Endettement des pays africains

Économie et Finance

La dette extérieure de plusieurs pays d’Afrique à rapidement augmenté au cours des dernières années. Cet état de fait commence à inquiéter institutions financières multilatérales, analystes et même les décideurs.

Une décennie après avoir vu le fardeau de leur dette largement allégé au travers des initiatives en faveur des pays pauvres très endettés (PPTE) et d’allègement de la dette multilatérale (IADM), un nombre croissant de pays d’Afrique affichent, déjà, des états d’endettement qui inclinent à craindre qu’ils retombent dans la trappe de la dette.

En effet, surfant sur leur meilleur accès aux marchés financiers internationaux, en raison de la croissance économique vigoureuse enregistrée par le continent au cours des dix derniers années, certains de ces pays ont lancé des émissions obligations souveraines qui ont été plus que bien accueillies.
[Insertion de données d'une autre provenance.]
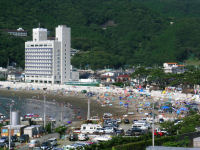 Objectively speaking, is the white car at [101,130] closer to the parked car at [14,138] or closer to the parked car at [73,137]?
the parked car at [73,137]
A eux 13, la Côte d’Ivoire, les Seychelles, le Rwanda, la RD Congo, la Tanzanie, le Sénégal, la Namibie, le Nigeria, le Kenya, l’Angola, la Zambie, le Gabon et le Ghana, ont émis pour 25 milliards de dollars US d’emprunts obligataires internationaux entre 2006 et 2016 qui se sont soldés par la levée d’un capital total de 35 milliards de dollars US.

L’endettement extérieur, pas un problème mais…

Bien que l’endettement extérieur ne soit pas en soi un problème et même que les ratios d’endettement extérieur enregistrés en Afrique sont considérés comme plutôt gérables, la haute rapide desdits ratios dans plusieurs pays à de quoi préoccuper. Et pour cause, le contexte économique et financier international est marqué par un resserrement des conditions de crédits et une chute durable des cours de certaines matières premières qui affecte déjà sérieusement les ressources budgétaires de ces pays.

D’ailleurs certains pays du continent font face déjà à des difficultés de remboursement de leur dette. C’est le cas du Ghana confronté à une baisse drastique de ses recettes du fait de la chute du cours de ses principaux matières premières ou encore de la RD Congo ou encore des Seychelles.

La Côte d’Ivoire devra être prudente

Si elle est loin de cette situation, la dernière analyse de la viabilité de sa dette réalisée par les services du Fmi ayant conclu à « un risque de surendettement modéré », la Côte d’Ivoire n’a pas moins été appelée à « une surveillance attentive de l’accumulation de sa dette extérieure, en particulier non concessionnelle ». Et prescription lui a été faite que ses « nouveaux emprunts reflètent une gestion prudente de la dette » et « d’éviter une concentration excessive des échéances au milieu des années 2020 ».

Face à la menace réelle qu’ils replongent dans une crise de la dette, les pays africains sont invités à « diversifier la structure de leur économie, renforcer la mobilisation des ressources intérieures et à améliorer le climat des affaires ».